/---
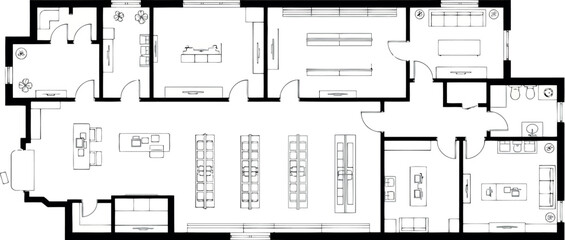 Commercial retail store floor plan with aisles, shelves, checkout counters, and back rooms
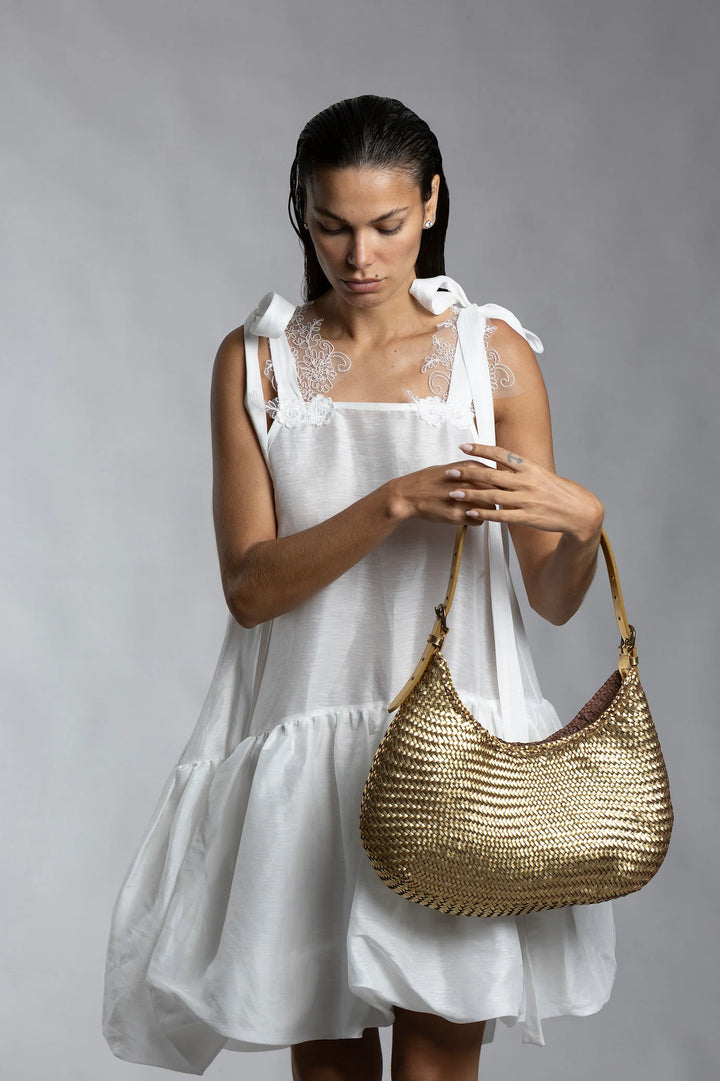 Dragon Diffusion - Luna Mezza Gold - Woven Leather Bag Handmade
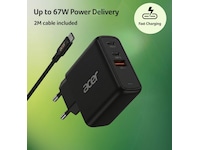 Acer 67W GaN PD-lader med 3 porter Batteri og lader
\---
> [YOUR GOAL]:
Please reproduce the lines exactly from the one containing "Dragon Diffusion - Luna" through the last line of the data above, and keep the pictures out.

> [RESULT]:
 Dragon Diffusion - Luna Mezza Gold - Woven Leather Bag Handmade
 Acer 67W GaN PD-lader med 3 porter Batteri og lader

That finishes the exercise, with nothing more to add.